WHAT YOU HAVE TO DO
Only some lines are wanted. Transcribe, exactly, the lines below from the line with "vodopad-dovolena-kostarika-letenky-ubytovani-doprava" up to and including the line with "铜锅牛肝菌焖饭-一坐一忘云南菜(卓悦中心)".

SUPPLIED RECORDS

Start of Block

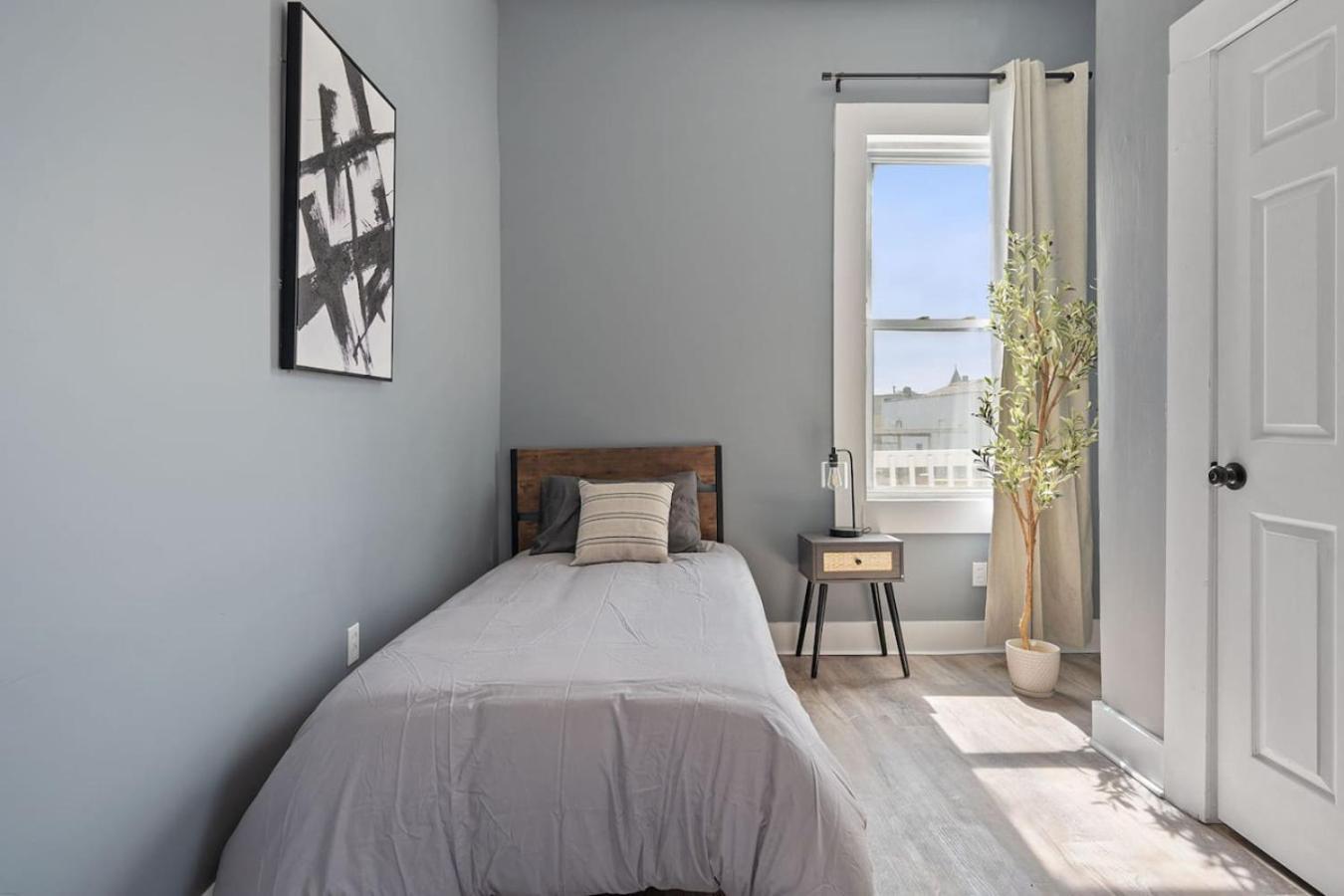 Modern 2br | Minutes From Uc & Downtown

End of Block
Start of Block

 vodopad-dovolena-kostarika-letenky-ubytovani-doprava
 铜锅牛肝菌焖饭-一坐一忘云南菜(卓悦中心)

End of Block
Start of Block

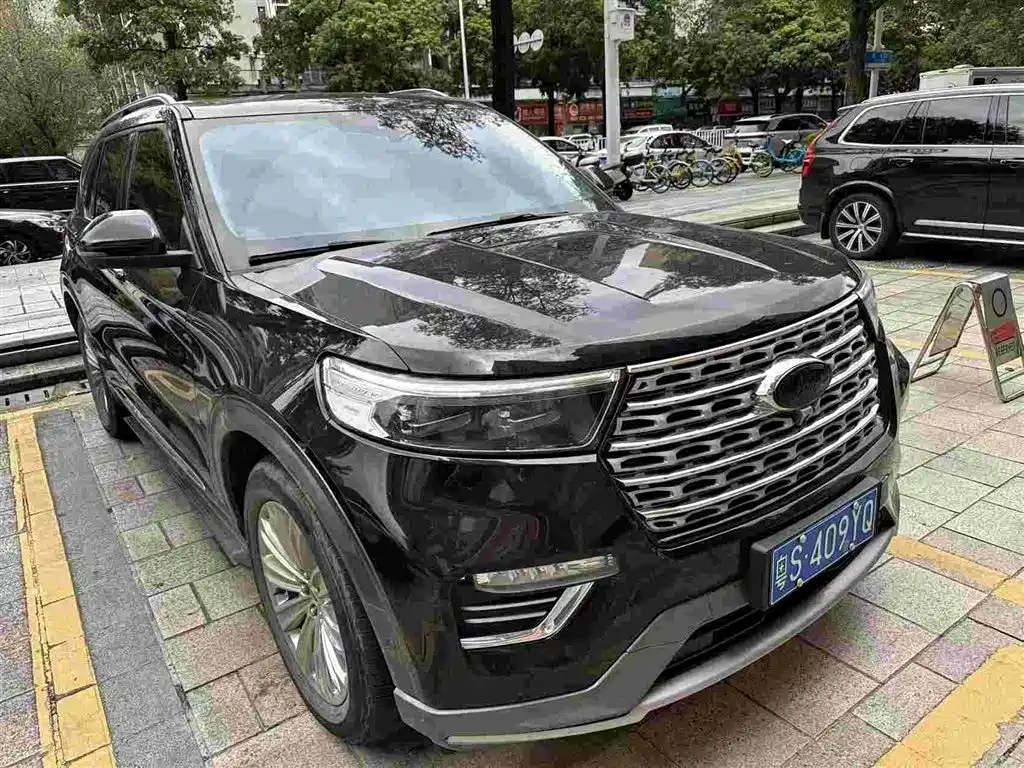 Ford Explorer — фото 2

End of Block

TASK SOLUTION
 vodopad-dovolena-kostarika-letenky-ubytovani-doprava
 铜锅牛肝菌焖饭-一坐一忘云南菜(卓悦中心)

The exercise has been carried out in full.